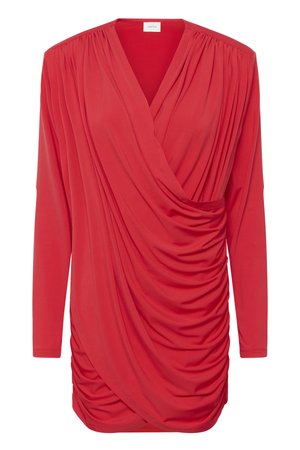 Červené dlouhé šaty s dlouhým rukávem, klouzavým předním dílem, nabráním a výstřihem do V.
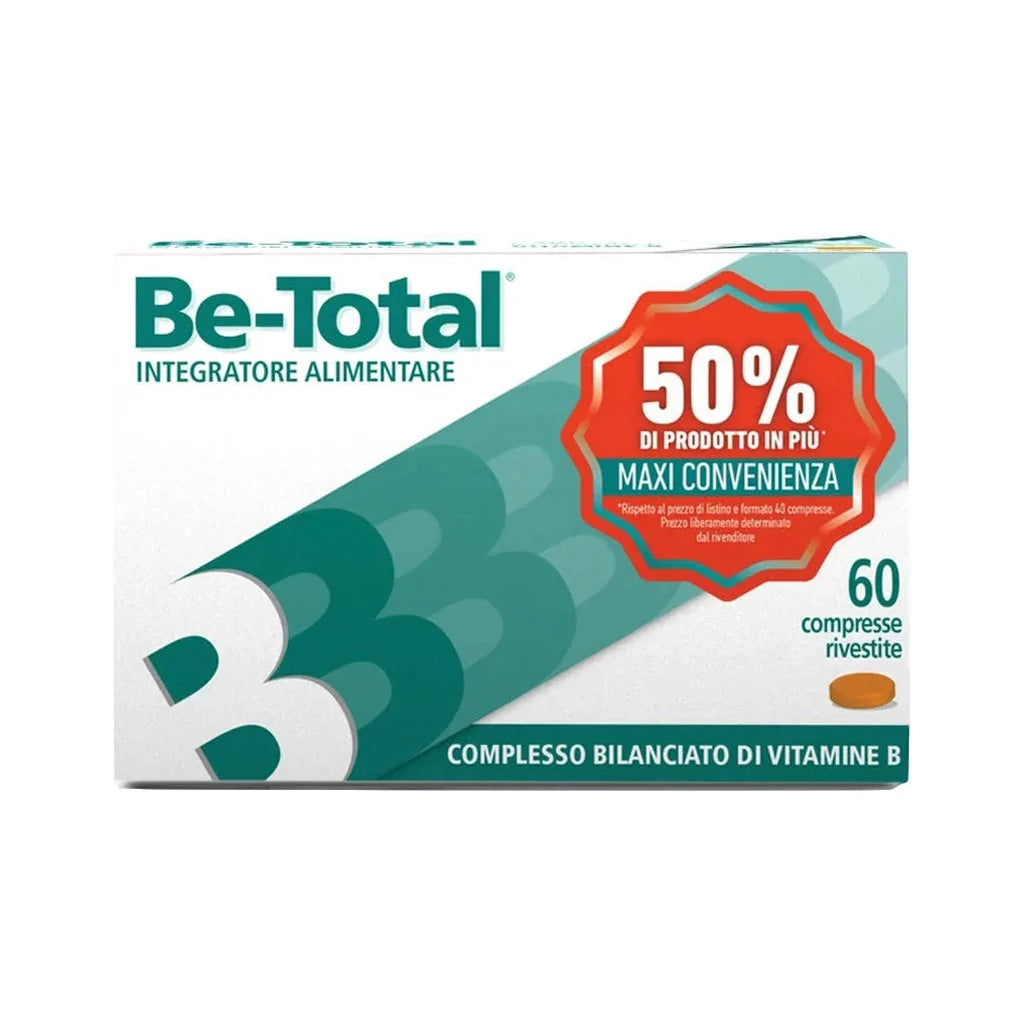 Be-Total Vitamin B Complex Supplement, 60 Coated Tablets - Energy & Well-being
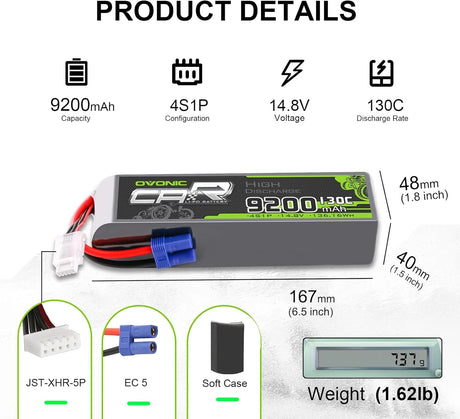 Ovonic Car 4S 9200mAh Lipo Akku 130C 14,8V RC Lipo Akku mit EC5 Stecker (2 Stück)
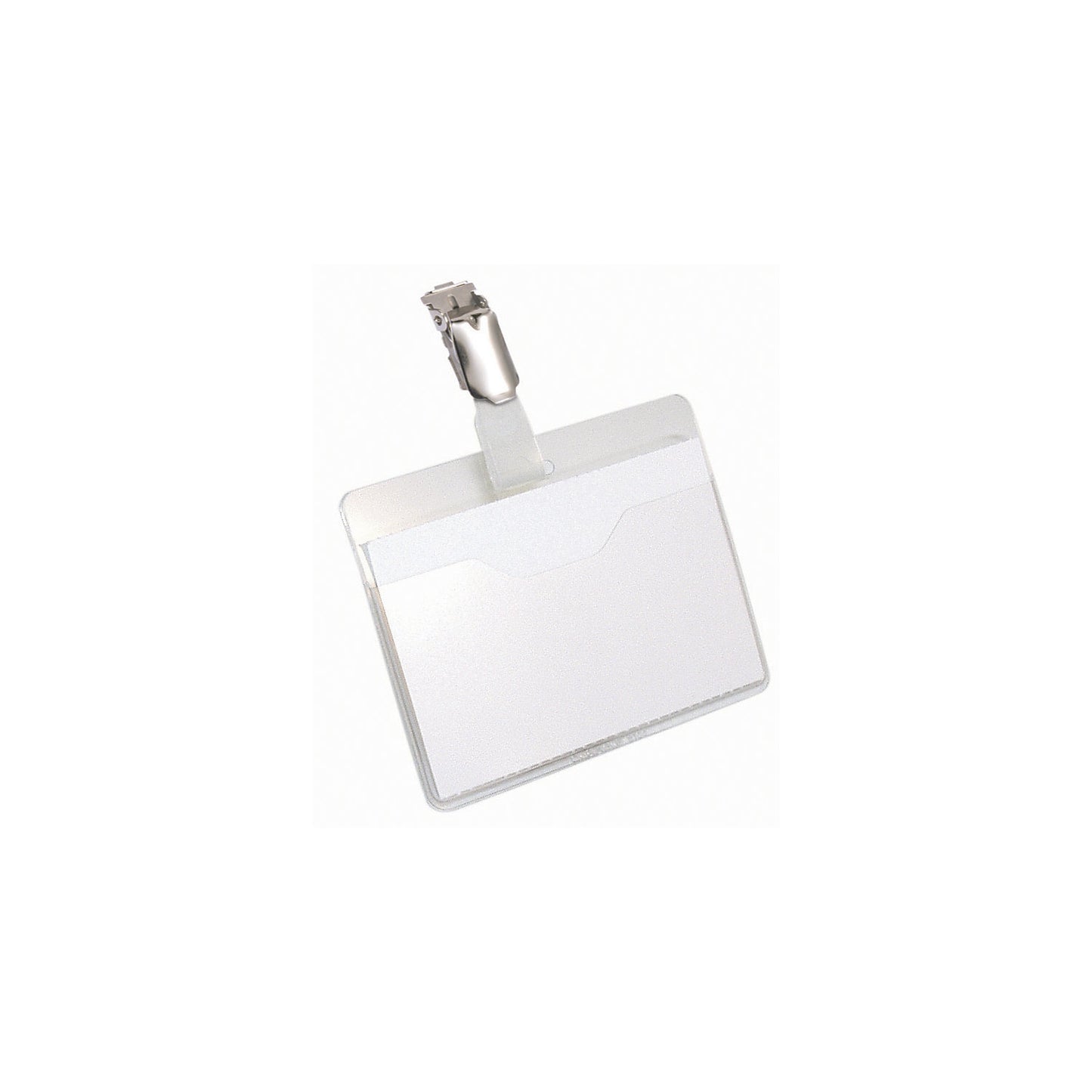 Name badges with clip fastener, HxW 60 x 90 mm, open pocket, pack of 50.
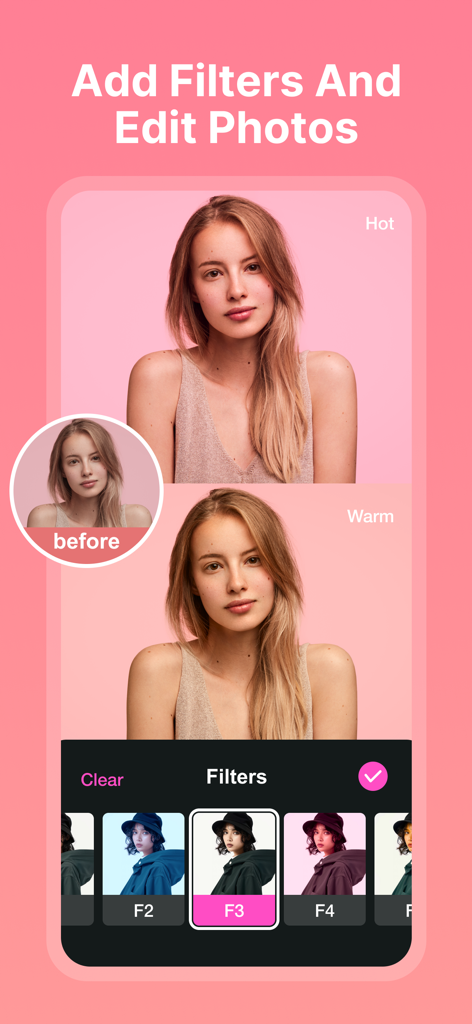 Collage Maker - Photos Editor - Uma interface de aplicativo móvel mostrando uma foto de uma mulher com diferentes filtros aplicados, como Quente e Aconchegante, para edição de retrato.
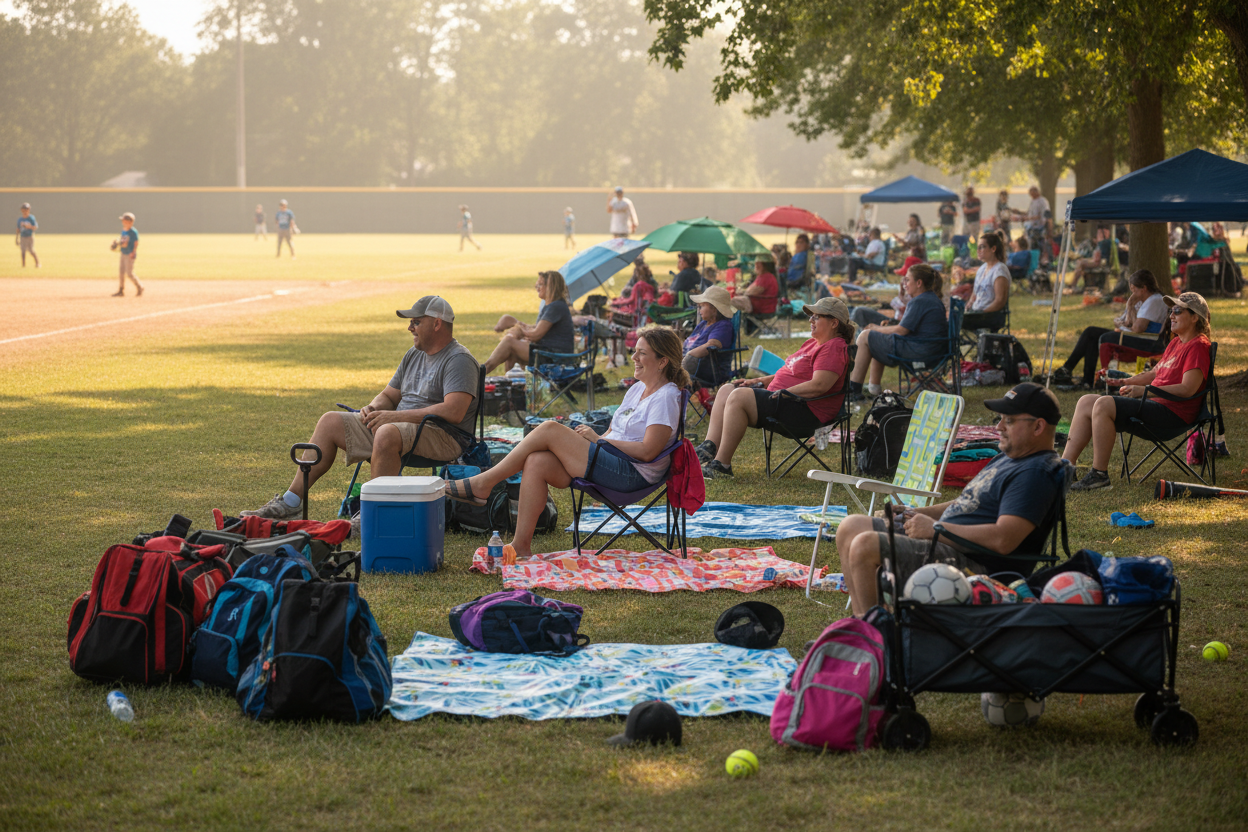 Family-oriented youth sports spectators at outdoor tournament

******************************

▶ YOUR GOAL: What you write should match, word for word, the lines from the one containing "Name badges with" to the end of the listing, with both ends kept and the pictures left out.

▶ EXERCISE SOLUTION:
 Name badges with clip fastener, HxW 60 x 90 mm, open pocket, pack of 50.
 Collage Maker - Photos Editor - Uma interface de aplicativo móvel mostrando uma foto de uma mulher com diferentes filtros aplicados, como Quente e Aconchegante, para edição de retrato.
 Family-oriented youth sports spectators at outdoor tournament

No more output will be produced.